Le mie ambizioni da scrittore – in verità – non sono state minimamente assecondate da lui. Gli chiesi di far leggere i miei racconti al titolare della casa editrice Thyrus, che era un suo carissimo amico e con cui aveva pubblicato tutti i suoi volumi.

Avevo superato la mia insicurezza solo perché mi ero reso conto che Thyrus pubblicava davvero di tutto, anche cose francamente imbarazzanti, e per quanto fossi umile e insicuro sapevo che i miei racconti non potevano essere peggiori di certe pubblicazioni che mi ero trovato tra le mani.

Così gli diedi una raccolta. C’era il mio “capolavoro” Fuori Dal Muro, racconto lungo che rielaborava la leggenda del drago di Terni (Thyrus – appunto) in chiave fantasy. E c’era Tutto è relativo, in cui degli alieni giganteschi catturano e sezionano la Terra.

Panfili, l’editore, non si fece mai vivo, e mi fece dire da zio Gian Piero che i miei racconti non andavano. Non ricordo molto, a parte il fatto che Tutto è relativo non rispettava la legge di gravitazione universale e quindi era una puttanata.

La sostanza, comunque, era che io scrivevo molto bene, ma non avevo niente da dire.

Fui molto offeso non tanto dal giudizio in sé quanto soprattutto dal modo in cui fu espresso – e cioè per interposta persona – tanto più perché sapevo che Thyrus pubblicava la maggior parte dei libri a pagamento. Non essere degno nemmeno di essere raggirato, fu una cosa particolarmente umiliante.

Negli ultimi anni zio Giampiero era scomparso dai radar. Il suo ultimo libro risale a sette anni fa. Le sue epiche vicissitudini sentimentali si sono concluse una ventina di anni fa, con il matrimonio con una donna taiwanese che gli ha fatto “mettere la testa a posto” oltre ad avergli aperto nuovi orizzonti in estremo oriente.

Dalle voci che arrivavano, si era semi-trasferito a Taiwan e fisicamente stava messo piuttosto male.

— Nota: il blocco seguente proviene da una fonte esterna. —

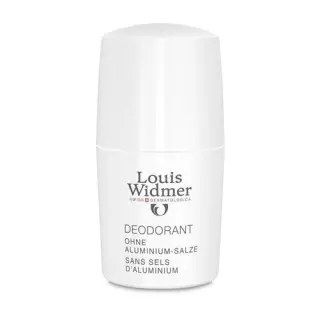 Дезодорант Louis Widmer Corps RollOn Without Aluminium Non Parfumé 5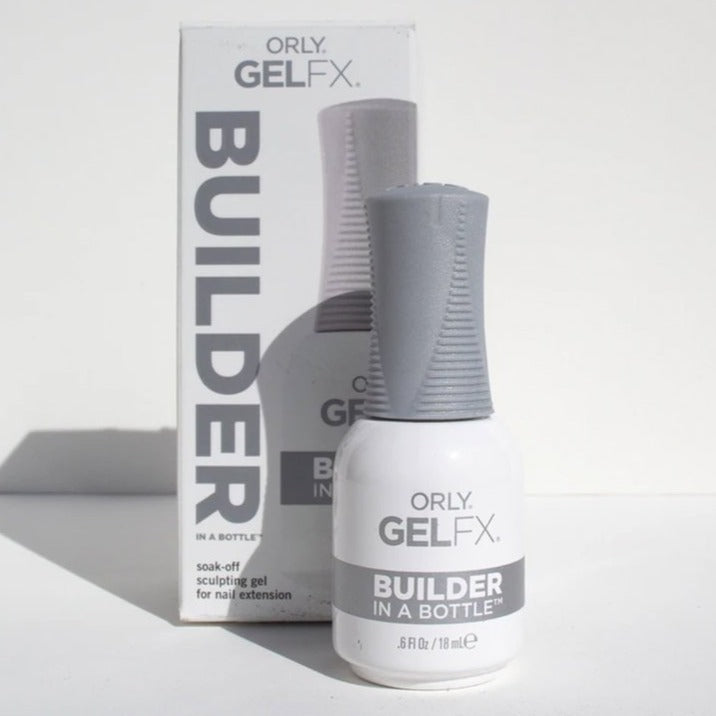 Orly - GelFX - Builder In A Bottle - Clear .6oz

Quando è morta mamma ero rimasto molto male per il fatto che non si fosse fatto vivo. Poi ho scoperto che se non si è fatto vivo perché si è fatto morto.

Zia Pina ha chiamato mamma per dirle che zio Gian Piero era morto. E ha scoperto che mamma era morta.

Non so come è morto zio Gian Piero, ma sicuramente non come avrebbe voluto. Immagino su un letto di ospedale, o a casa, al termine di una lunga malattia, non certo come sarebbe piaciuto a lui, in volo, con uno spettacolare incidente, magari scomparendo nel nulla come Antoine De Saint-Exupery.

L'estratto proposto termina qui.